Assignment:
Reproduce the entries that follow, exactly and in full.

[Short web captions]

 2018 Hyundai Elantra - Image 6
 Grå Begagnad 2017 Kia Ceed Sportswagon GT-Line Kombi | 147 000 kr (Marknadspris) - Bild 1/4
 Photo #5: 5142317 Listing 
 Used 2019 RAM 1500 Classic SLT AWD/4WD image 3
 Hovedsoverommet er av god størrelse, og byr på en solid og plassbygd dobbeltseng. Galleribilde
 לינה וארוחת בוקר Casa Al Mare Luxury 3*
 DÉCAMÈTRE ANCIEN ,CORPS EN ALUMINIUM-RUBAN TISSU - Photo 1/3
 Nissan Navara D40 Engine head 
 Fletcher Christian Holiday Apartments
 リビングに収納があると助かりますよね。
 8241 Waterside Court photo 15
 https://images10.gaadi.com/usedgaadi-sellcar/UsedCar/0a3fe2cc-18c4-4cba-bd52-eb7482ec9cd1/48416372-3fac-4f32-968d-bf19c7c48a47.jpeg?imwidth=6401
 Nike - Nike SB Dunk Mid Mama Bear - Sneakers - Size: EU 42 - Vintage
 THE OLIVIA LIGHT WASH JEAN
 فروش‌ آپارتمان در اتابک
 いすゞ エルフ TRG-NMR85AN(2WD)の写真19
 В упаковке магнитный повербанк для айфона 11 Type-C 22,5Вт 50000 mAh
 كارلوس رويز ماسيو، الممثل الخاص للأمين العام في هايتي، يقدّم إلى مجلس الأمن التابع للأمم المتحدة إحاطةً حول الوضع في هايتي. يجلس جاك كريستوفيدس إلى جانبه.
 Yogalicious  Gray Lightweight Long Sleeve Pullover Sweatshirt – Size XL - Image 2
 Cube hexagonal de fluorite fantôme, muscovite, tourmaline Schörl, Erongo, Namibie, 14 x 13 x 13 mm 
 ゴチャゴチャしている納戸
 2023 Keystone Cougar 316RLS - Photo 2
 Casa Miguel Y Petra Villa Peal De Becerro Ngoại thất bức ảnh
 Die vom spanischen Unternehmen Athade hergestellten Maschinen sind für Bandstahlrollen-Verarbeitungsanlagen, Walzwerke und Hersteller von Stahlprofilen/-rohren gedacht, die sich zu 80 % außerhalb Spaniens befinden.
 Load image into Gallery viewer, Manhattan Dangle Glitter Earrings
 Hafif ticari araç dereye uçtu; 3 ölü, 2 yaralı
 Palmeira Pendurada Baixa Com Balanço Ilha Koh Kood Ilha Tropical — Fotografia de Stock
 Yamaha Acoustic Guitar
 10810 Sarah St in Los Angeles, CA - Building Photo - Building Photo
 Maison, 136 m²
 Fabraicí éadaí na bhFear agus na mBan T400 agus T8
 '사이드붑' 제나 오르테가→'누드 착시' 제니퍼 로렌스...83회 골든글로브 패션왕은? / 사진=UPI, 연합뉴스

Written answer:
 2018 Hyundai Elantra - Image 6
 Grå Begagnad 2017 Kia Ceed Sportswagon GT-Line Kombi | 147 000 kr (Marknadspris) - Bild 1/4
 Photo #5: 5142317 Listing 
 Used 2019 RAM 1500 Classic SLT AWD/4WD image 3
 Hovedsoverommet er av god størrelse, og byr på en solid og plassbygd dobbeltseng. Galleribilde
 לינה וארוחת בוקר Casa Al Mare Luxury 3*
 DÉCAMÈTRE ANCIEN ,CORPS EN ALUMINIUM-RUBAN TISSU - Photo 1/3
 Nissan Navara D40 Engine head 
 Fletcher Christian Holiday Apartments
 リビングに収納があると助かりますよね。
 8241 Waterside Court photo 15
 https://images10.gaadi.com/usedgaadi-sellcar/UsedCar/0a3fe2cc-18c4-4cba-bd52-eb7482ec9cd1/48416372-3fac-4f32-968d-bf19c7c48a47.jpeg?imwidth=6401
 Nike - Nike SB Dunk Mid Mama Bear - Sneakers - Size: EU 42 - Vintage
 THE OLIVIA LIGHT WASH JEAN
 فروش‌ آپارتمان در اتابک
 いすゞ エルフ TRG-NMR85AN(2WD)の写真19
 В упаковке магнитный повербанк для айфона 11 Type-C 22,5Вт 50000 mAh
 كارلوس رويز ماسيو، الممثل الخاص للأمين العام في هايتي، يقدّم إلى مجلس الأمن التابع للأمم المتحدة إحاطةً حول الوضع في هايتي. يجلس جاك كريستوفيدس إلى جانبه.
 Yogalicious  Gray Lightweight Long Sleeve Pullover Sweatshirt – Size XL - Image 2
 Cube hexagonal de fluorite fantôme, muscovite, tourmaline Schörl, Erongo, Namibie, 14 x 13 x 13 mm 
 ゴチャゴチャしている納戸
 2023 Keystone Cougar 316RLS - Photo 2
 Casa Miguel Y Petra Villa Peal De Becerro Ngoại thất bức ảnh
 Die vom spanischen Unternehmen Athade hergestellten Maschinen sind für Bandstahlrollen-Verarbeitungsanlagen, Walzwerke und Hersteller von Stahlprofilen/-rohren gedacht, die sich zu 80 % außerhalb Spaniens befinden.
 Load image into Gallery viewer, Manhattan Dangle Glitter Earrings
 Hafif ticari araç dereye uçtu; 3 ölü, 2 yaralı
 Palmeira Pendurada Baixa Com Balanço Ilha Koh Kood Ilha Tropical — Fotografia de Stock
 Yamaha Acoustic Guitar
 10810 Sarah St in Los Angeles, CA - Building Photo - Building Photo
 Maison, 136 m²
 Fabraicí éadaí na bhFear agus na mBan T400 agus T8
 '사이드붑' 제나 오르테가→'누드 착시' 제니퍼 로렌스...83회 골든글로브 패션왕은? / 사진=UPI, 연합뉴스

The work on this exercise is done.